ACTIVITY:
Could you set down exactly the lines in the records below between the line holding "hyundai-accent-2005-220-16" and the line holding "Steinberg am Rofan", inclusive?

[Stored data entries]
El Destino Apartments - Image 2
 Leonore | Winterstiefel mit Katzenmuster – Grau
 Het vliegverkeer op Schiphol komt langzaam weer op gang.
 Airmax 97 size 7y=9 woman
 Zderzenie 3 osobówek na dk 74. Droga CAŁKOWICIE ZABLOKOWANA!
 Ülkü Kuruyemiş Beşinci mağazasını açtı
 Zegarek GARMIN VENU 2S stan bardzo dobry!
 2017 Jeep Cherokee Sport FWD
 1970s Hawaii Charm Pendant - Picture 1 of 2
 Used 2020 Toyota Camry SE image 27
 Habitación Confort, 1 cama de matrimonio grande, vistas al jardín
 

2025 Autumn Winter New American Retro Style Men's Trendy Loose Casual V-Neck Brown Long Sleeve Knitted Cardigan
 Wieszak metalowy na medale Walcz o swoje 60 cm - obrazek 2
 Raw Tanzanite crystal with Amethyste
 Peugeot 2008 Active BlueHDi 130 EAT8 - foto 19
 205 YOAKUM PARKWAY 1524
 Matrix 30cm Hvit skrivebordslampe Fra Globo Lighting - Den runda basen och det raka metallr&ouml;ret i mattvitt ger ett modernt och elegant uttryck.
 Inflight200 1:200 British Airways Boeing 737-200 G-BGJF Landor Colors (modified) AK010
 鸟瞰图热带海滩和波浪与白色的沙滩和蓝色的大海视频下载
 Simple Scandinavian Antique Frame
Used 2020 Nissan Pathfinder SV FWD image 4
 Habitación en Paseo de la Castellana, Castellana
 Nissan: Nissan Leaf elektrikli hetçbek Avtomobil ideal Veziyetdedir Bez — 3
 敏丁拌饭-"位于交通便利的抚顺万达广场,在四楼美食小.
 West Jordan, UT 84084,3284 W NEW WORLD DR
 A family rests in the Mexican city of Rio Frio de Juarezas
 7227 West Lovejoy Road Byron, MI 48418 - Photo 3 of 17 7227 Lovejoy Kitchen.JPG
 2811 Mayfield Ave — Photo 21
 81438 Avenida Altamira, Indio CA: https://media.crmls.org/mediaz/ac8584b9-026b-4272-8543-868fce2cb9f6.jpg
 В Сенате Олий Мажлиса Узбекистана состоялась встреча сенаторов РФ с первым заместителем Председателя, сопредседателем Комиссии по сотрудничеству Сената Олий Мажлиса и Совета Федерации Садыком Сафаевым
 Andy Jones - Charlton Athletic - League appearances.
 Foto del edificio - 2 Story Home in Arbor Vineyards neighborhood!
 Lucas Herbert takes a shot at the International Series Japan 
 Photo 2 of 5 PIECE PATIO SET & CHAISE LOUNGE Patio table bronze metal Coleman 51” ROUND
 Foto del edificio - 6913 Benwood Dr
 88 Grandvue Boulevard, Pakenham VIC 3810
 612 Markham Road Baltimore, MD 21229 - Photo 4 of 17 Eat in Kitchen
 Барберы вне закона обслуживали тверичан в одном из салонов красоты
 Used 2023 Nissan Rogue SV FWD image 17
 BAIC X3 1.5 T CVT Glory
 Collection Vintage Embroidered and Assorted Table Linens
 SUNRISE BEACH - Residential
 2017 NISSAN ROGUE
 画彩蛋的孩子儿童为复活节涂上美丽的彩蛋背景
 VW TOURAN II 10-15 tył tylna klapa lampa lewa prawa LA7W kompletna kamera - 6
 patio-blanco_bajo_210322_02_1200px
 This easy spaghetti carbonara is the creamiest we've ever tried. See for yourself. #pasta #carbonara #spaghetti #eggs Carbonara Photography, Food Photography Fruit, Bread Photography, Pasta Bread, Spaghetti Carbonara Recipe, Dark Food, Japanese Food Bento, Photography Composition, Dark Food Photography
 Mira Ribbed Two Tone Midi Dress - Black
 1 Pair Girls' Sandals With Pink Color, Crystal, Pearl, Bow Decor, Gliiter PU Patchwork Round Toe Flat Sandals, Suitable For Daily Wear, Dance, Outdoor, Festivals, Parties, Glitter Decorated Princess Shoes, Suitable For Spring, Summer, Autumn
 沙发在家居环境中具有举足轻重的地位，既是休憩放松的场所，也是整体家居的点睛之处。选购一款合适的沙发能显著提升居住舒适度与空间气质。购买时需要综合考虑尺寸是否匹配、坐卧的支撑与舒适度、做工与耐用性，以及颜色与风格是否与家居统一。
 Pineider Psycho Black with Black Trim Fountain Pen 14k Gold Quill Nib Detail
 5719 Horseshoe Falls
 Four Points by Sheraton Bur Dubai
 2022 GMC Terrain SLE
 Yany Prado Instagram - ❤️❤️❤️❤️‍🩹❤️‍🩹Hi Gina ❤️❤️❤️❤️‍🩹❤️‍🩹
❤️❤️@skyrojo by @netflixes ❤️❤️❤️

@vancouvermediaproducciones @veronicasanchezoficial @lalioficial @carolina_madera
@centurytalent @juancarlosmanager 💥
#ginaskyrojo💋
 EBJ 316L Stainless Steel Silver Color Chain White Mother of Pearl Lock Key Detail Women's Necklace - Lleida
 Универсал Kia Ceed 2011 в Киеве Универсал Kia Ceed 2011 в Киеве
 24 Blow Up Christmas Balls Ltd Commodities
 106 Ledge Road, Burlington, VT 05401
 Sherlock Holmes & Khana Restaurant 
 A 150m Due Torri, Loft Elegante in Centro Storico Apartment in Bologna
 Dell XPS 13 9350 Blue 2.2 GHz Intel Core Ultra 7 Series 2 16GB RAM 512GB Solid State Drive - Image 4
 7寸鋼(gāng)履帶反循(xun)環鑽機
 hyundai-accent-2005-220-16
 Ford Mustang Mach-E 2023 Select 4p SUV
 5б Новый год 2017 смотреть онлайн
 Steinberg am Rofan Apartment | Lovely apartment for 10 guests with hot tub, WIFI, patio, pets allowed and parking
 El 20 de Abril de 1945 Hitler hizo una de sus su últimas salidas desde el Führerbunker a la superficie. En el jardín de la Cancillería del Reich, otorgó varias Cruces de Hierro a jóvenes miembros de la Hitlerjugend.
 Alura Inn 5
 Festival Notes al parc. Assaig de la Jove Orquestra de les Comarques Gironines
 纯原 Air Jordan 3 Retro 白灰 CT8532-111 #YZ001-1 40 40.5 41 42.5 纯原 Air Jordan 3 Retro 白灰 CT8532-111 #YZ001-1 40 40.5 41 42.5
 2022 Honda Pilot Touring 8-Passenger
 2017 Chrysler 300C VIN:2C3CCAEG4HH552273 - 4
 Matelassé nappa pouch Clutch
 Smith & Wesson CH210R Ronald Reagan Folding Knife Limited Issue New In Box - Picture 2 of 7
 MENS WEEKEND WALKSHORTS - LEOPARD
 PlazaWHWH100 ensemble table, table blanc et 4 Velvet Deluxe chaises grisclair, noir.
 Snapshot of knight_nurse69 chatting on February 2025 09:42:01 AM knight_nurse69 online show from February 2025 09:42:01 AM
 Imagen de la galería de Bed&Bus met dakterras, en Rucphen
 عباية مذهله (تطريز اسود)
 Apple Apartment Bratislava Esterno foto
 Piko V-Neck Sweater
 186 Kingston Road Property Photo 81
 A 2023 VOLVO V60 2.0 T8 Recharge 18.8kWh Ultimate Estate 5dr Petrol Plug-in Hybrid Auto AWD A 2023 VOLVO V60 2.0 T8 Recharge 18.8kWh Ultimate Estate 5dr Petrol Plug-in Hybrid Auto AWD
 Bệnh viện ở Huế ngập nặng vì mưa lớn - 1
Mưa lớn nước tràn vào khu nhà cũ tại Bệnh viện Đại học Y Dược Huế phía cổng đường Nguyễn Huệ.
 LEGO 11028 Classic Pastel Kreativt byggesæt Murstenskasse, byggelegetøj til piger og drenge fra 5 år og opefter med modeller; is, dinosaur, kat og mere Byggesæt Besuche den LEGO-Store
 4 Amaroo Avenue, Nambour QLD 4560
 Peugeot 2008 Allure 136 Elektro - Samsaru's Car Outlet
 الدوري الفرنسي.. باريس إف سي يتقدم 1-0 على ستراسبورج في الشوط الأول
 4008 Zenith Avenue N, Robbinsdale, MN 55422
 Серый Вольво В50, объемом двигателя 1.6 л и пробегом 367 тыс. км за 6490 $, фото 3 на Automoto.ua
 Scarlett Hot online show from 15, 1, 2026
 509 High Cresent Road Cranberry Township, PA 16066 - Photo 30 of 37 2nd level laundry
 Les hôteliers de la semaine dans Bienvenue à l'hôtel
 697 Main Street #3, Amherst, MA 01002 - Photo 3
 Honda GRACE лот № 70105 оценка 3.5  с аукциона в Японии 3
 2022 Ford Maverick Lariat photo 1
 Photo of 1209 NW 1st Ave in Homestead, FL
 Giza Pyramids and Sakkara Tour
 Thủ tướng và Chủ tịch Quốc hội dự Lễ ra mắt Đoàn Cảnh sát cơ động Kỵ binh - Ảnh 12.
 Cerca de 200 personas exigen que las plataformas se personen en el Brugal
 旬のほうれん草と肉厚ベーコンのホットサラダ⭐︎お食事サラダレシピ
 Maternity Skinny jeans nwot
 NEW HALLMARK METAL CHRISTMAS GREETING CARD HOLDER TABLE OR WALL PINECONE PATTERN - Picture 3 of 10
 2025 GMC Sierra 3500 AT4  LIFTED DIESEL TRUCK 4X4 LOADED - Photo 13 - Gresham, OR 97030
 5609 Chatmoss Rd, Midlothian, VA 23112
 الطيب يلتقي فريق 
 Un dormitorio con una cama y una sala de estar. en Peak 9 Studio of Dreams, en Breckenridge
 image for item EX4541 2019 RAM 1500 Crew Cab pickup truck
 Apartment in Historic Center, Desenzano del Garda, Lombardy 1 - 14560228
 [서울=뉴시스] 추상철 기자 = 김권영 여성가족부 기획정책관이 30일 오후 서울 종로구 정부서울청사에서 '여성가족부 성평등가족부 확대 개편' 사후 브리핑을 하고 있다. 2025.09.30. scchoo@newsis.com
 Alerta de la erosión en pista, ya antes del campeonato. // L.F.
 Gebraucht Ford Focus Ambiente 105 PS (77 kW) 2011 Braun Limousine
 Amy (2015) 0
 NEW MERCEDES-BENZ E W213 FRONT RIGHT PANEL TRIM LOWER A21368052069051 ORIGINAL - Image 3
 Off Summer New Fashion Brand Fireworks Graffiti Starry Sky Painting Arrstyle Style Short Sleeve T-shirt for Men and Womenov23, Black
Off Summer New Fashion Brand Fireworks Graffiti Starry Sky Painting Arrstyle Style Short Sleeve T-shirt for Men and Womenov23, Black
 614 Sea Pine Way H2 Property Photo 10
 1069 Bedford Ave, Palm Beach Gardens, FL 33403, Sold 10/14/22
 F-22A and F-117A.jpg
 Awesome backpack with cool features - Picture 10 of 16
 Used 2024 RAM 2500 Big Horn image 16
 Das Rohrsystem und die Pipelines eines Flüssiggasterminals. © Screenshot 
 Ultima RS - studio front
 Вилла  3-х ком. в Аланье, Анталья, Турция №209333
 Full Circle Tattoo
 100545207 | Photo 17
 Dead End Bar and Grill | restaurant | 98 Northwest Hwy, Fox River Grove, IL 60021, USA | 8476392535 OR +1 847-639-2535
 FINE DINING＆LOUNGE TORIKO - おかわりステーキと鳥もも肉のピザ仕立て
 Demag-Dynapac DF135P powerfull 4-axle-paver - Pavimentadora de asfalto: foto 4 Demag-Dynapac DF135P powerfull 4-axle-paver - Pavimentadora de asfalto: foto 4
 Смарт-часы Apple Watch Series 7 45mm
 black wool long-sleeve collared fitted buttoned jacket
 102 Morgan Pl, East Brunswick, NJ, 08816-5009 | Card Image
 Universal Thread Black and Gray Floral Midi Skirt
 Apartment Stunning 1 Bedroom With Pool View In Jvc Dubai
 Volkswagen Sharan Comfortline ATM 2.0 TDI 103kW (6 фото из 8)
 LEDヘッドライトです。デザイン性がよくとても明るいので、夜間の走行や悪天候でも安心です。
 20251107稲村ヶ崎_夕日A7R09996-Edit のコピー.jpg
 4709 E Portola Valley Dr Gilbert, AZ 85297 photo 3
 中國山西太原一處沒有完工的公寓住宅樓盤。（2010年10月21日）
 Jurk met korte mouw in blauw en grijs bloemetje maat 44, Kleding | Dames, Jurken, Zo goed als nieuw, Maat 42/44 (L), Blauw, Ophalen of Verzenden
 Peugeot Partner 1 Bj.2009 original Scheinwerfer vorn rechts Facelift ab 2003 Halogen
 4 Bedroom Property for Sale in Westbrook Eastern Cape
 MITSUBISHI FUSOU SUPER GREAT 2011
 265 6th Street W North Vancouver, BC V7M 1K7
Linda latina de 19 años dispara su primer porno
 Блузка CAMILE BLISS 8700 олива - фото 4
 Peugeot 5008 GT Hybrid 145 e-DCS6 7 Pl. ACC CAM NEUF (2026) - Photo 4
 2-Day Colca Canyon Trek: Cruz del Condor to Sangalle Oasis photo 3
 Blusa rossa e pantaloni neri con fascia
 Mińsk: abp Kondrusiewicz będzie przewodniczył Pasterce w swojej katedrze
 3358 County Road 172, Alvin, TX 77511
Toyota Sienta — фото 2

WRITTEN ANSWER:
 hyundai-accent-2005-220-16
 Ford Mustang Mach-E 2023 Select 4p SUV
 5б Новый год 2017 смотреть онлайн
 Steinberg am Rofan Apartment | Lovely apartment for 10 guests with hot tub, WIFI, patio, pets allowed and parking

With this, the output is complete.